___ Input material ___

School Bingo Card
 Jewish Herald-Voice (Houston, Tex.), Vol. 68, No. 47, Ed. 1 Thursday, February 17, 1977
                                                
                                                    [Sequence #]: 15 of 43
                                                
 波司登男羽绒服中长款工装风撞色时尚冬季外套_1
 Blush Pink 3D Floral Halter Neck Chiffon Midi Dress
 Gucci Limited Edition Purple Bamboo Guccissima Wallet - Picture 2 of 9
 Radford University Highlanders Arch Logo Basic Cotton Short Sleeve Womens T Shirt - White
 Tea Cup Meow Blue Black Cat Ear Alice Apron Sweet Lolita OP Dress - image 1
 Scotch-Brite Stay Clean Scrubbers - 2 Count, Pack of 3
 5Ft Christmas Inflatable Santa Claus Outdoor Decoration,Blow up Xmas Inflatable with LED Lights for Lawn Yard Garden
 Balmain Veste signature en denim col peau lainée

___

Task objective:
Every line above with the string "Dress" in it needs to be copied.

Exercise output:
 Blush Pink 3D Floral Halter Neck Chiffon Midi Dress
 Tea Cup Meow Blue Black Cat Ear Alice Apron Sweet Lolita OP Dress - image 1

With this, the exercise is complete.